FIG. 3.
Diagram showing the course of the vaso-motor nerves of the liver, according to Cyon and Aladoff. These nerves are indicated by the dotted line which accompanies them: a, vaso-motor centre; b, trunk of the vagus; c, passage of the hepatic vaso-motor nerves from the cord along the vertebral artery; d, fibres going on each side of the subclavian artery and forming the annulus of Vieussens; e, first dorsal ganglion; f, ganglionated cord of the sympathetic; g, the spinal cord; h, the splanchnic nerves; i, coeliac ganglion, from which vaso-motor nerves pass to the hepatic and intestinal vessels; k, the lungs, to which fibres of the vagus are seen distributed; l, the liver; m, the intestine; n, the arch of the aorta.

I say, by branches of the sympathetic not precisely determined, because our power to produce artificial diabetes fails below the first thoracic ganglion; for section of the sympathetic between the tenth and twelfth ribs, and of the splanchnics, is not followed by glycosuria, although the vaso-motor nerves to the liver are known to pass through them.

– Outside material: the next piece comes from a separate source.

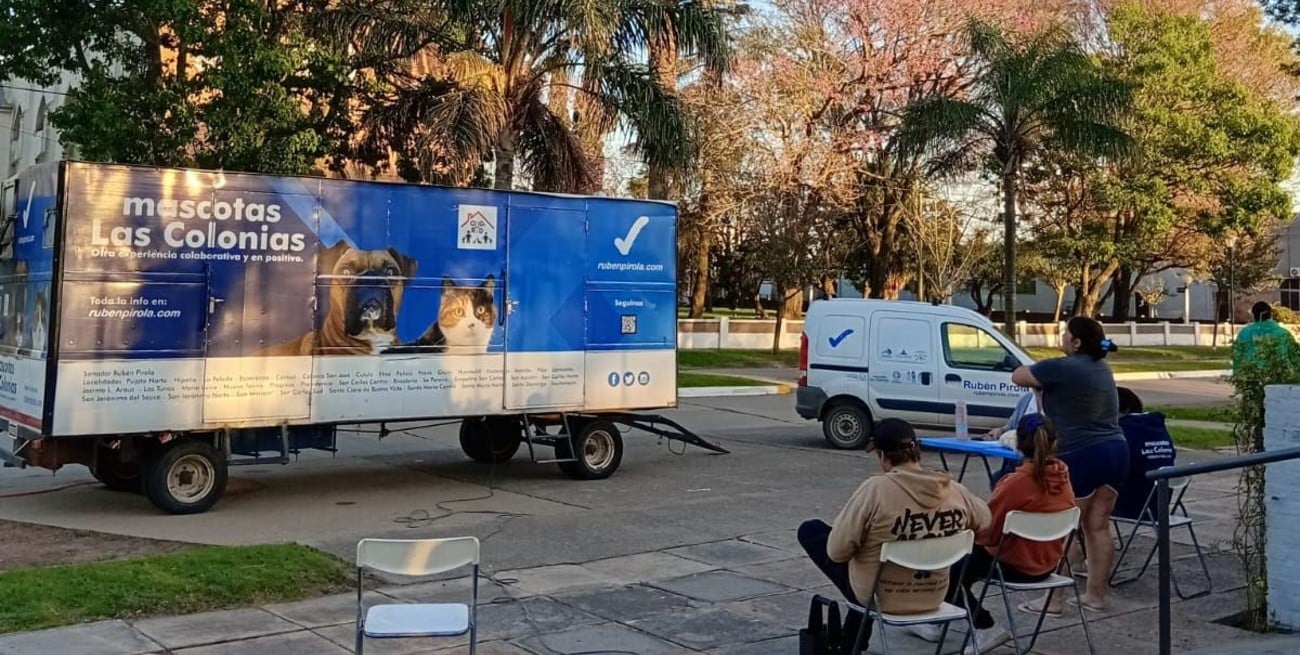 Mascotas Las Colonias cierra 2025 con cobertura total y miles de intervenciones gratuitas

According to Eckhard,3 the phenomena of artificial glycosuria are irritative and not paralytic. This view he believes sustained by his own experiments, according to which if the splanchnics, through which the vaso-motor nerves of the liver pass, are cut prior to the diabetic puncture, not only does this operation fail to produce glycosuria, but it even renders ineffectual the puncture itself as well as the section higher up. But Cyon and Aladoff remind us that it is not mere dilatation of the hepatic vessels, but increased velocity in the movement of the blood, which deranges the sugar-assimilating function and causes glucose to appear in the urine. The vaso-motor nerves of the intestinal blood-vessels also pass through the lower part of the sympathetic and the splanchnics, and section of the latter must cause these blood-vessels to dilate. Now, in rabbits, in which this experiment is usually performed, the digestive canal is very long, and the blood-vessels so capacious that when dilated they hold as much blood as all the rest of the vascular system together, so that when the lower sympathetic and splanchnics are cut, so much blood goes into the intestines that the increased velocity required in the blood-vessels of the liver to produce glycosuria is impossible. But if the vessels of the liver be first dilated by puncturing the floor of the fourth ventricle, section of the sympathetic or of the splanchnics may then be made without arresting the formation of sugar; whence it would appear that the glycogenic influence may still pass through the lower sympathetic and splanchnics.

3 Beiträge zur Anat. und Physiologie, iv., 1859, p. 1; vii., 1873.

In view of the fact that Eckhard4 has failed to confirm the results of Cyon and Aladoff, but has traced the glycogenic influence down the spinal cord as far as the fourth dorsal vertebra in rabbits, and even a little lower, and that Schiff5 has shown that diabetes sometimes results after section of the anterior columns of the cord between the medulla and the fourth cervical vertebra, Dr. Brunton6 suggests that the vaso-motor nerves of the liver may not always leave the spinal cord to join the sympathetic by the branches accompanying the vertebral artery, but sometimes pass farther down the cord, leaving it by the communicating branches to some of the dorsal ganglia, as indicated in Fig. 4.

4 Beiträge zur Anat. u. Physiologie, viii., 1877, p. 79.

5 Untersuchungen über Zuckerbildung in der Leber, 1859, S. 108.

6 Lectures on the Pathology and Treatment of Diabetes Mellitus; reprinted from the British Medical Journal, 1874, p. 12.

FIG. 4.
Diagram showing another course which the vaso-motor nerves of the liver may take. The letters indicate the same parts as in Fig. 3. The hepatic vaso-motor nerves are here represented as passing lower down the cord than in Fig. 3, and leaving it by communicating branches to the second dorsal ganglion. It is possible that they may sometimes leave by the branches to the first, and sometimes by those going to a lower, ganglion. In such cases any irritation to the third or one of the other cervical ganglia may cause diabetes by being conveyed along the vertebral artery and up the cord, as indicated by the dark line, to the vaso-motor centre, where it may cause reflex inhibition in the same way as any irritation to the vagus.